And that is just what Jesus did all his public life long. I remember when I first read this remarkable passage in a sermon of Alexander Whyte, a preacher who plumbed depths in the internal life of the Savior that few preachers are capable of sounding. I am going to read it to you, but before I do, I want to say clearly that you misunderstand Whyte’s point and the Lord’s own practice if you take this to mean that you are not to share your problems with other believers or with your pastors or your elders. There is too much in the Bible that teaches us to do just that to learn such a lesson from the Lord’s own conduct. What Whyte is saying is that there is a secret dimension of godly living that must be seen to and seriously if anyone is to live a Christ-like life in this world. Here is Whyte on the Lord’s exhortation to us in our text this morning.

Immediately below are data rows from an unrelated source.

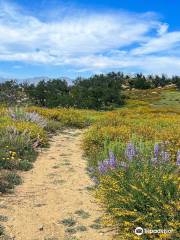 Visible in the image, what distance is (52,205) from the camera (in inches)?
331

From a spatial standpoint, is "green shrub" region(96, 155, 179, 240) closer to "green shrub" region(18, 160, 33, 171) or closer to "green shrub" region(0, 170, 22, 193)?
"green shrub" region(0, 170, 22, 193)

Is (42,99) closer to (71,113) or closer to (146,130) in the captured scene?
(71,113)

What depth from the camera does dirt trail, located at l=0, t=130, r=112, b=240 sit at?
7.10 meters

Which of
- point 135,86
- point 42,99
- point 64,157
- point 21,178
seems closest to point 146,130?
point 64,157

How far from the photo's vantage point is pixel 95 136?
1511cm

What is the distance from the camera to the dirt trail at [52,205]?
7.10m

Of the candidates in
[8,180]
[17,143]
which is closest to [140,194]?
[8,180]

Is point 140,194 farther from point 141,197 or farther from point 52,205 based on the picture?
point 52,205

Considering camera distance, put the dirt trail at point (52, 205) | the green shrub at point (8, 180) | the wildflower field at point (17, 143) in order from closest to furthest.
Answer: the dirt trail at point (52, 205)
the green shrub at point (8, 180)
the wildflower field at point (17, 143)

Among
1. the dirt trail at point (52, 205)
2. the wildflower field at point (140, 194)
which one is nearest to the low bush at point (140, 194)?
the wildflower field at point (140, 194)

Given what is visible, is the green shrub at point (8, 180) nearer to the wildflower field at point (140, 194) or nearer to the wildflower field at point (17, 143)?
the wildflower field at point (17, 143)

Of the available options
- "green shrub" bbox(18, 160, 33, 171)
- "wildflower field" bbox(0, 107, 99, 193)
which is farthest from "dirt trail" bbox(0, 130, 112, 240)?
"wildflower field" bbox(0, 107, 99, 193)

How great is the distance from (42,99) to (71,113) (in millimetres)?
28770

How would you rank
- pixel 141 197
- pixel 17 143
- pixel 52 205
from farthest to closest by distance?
1. pixel 17 143
2. pixel 52 205
3. pixel 141 197
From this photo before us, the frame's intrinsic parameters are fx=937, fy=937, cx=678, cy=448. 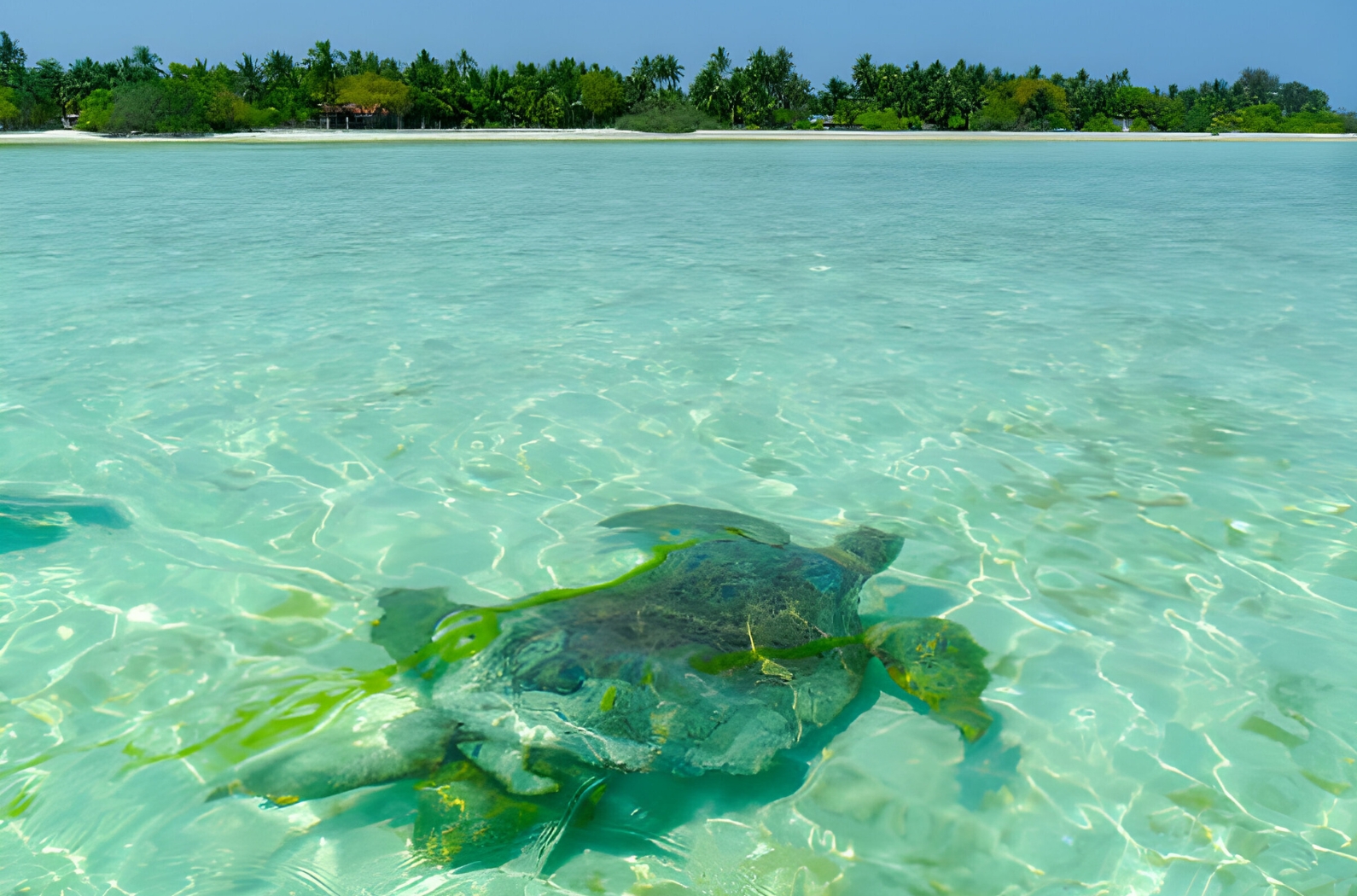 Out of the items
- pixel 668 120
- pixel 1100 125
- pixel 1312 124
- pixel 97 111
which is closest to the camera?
pixel 97 111

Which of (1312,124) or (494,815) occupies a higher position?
(1312,124)

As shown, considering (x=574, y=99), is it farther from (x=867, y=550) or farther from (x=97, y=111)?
(x=867, y=550)

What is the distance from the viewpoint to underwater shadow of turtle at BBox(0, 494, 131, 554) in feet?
13.8

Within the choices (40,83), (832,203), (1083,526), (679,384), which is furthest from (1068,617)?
(40,83)

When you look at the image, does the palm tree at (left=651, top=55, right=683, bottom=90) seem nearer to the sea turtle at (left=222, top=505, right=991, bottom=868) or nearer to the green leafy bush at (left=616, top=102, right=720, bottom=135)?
the green leafy bush at (left=616, top=102, right=720, bottom=135)

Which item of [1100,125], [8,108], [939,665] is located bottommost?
[939,665]

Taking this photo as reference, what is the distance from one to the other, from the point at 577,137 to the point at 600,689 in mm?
74944

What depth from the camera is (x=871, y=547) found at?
4129 mm

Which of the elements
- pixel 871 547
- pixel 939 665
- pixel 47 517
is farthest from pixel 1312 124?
pixel 47 517

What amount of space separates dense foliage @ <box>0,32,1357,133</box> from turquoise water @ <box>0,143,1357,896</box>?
72.0 metres

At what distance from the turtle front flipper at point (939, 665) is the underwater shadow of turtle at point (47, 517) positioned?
11.5 feet

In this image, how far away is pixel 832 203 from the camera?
20094 millimetres

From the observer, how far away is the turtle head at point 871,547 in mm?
3984

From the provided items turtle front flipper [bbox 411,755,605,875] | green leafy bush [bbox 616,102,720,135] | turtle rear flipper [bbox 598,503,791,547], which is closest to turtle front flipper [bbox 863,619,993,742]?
turtle rear flipper [bbox 598,503,791,547] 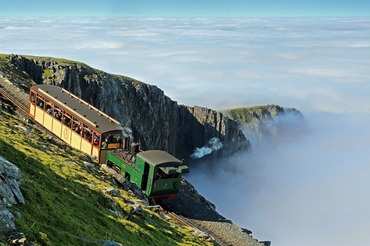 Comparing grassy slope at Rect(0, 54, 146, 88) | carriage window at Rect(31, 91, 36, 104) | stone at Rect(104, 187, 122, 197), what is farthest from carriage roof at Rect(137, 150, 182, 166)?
grassy slope at Rect(0, 54, 146, 88)

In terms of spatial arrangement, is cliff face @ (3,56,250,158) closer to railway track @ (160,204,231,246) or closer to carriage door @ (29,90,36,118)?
carriage door @ (29,90,36,118)

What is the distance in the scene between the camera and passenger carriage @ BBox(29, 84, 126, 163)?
3834cm

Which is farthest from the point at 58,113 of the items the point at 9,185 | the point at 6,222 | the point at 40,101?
the point at 6,222

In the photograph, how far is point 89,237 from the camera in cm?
1592

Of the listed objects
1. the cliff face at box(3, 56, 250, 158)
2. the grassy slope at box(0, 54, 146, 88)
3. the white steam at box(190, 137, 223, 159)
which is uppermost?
the grassy slope at box(0, 54, 146, 88)

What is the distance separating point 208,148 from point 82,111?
143 meters

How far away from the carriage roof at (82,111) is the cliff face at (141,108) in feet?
140

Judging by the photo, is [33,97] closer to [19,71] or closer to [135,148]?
[135,148]

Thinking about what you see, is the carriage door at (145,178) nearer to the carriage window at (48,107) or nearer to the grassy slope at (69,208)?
the grassy slope at (69,208)

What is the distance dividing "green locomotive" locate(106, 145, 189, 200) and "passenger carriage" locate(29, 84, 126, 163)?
2250 millimetres

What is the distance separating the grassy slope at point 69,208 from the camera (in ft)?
47.9

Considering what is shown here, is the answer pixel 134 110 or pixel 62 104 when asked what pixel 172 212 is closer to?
pixel 62 104

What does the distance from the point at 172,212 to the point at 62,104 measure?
17184 mm

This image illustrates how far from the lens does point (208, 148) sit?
181000mm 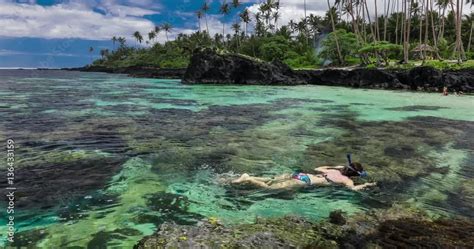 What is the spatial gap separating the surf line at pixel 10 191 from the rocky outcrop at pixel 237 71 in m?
46.2

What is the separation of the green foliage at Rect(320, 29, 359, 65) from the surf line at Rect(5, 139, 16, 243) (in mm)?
58165

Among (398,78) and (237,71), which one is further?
(237,71)

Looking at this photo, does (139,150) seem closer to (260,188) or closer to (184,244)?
(260,188)

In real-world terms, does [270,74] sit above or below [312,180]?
above

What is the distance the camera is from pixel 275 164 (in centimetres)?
1324

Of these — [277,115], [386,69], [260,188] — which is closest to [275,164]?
[260,188]

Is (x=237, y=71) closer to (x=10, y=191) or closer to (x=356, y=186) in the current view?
(x=356, y=186)

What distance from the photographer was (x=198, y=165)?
41.7 ft

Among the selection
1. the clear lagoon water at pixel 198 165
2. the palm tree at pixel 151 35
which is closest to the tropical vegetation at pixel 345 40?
the palm tree at pixel 151 35

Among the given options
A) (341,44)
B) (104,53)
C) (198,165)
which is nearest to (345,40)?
(341,44)

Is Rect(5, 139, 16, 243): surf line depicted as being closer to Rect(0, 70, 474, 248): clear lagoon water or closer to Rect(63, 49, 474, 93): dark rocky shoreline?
Rect(0, 70, 474, 248): clear lagoon water

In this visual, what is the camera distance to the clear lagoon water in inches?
332

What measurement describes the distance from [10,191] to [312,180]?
7723mm

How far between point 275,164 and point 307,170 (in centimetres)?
118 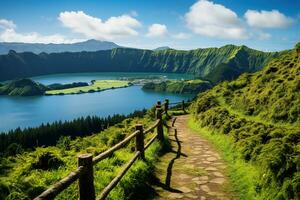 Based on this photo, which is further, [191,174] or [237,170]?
[237,170]

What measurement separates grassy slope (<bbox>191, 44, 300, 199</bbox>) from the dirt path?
1.12 m

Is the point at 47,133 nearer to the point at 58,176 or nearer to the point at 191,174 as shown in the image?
the point at 191,174

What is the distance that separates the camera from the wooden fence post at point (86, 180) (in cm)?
681

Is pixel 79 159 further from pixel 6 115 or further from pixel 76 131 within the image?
pixel 6 115

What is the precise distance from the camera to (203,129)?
23.5 m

“Our Lord never asks any of his followers to do anything that he does not first do the same thing himself, in order to show them the way to do it. All his life long, our Lord was the Man of Sorrows; but his disciples never discovered that from anything he ever said or did. He was the lamb slain from the foundations of the world; but he did not appear unto men to be that; but only to his father who saw him in secret. All his days his face was set to go up to Jerusalem; but his followers never believed that he was going there; no, not even when he took them and told them in the plainest words possible, what was waiting him there. In his own words, he so anointed his head and so washed his face, that he completely deceived his most discerning disciples all the time he was with them. He fasted and prayed in secret, but all the time his enemies were not without some ground for saying: behold, a man gluttonous and a wine-bibber; a friend of publicans and sinners. John the Baptist came neither eating or drinking; but Jesus Christ came doing both. …In short, he spread sunshine abroad wherever he went; while, all the time, his own heart was broken within him. All his life long he practised to perfection what he here preaches.” [James Fraser of Brea, 57-58]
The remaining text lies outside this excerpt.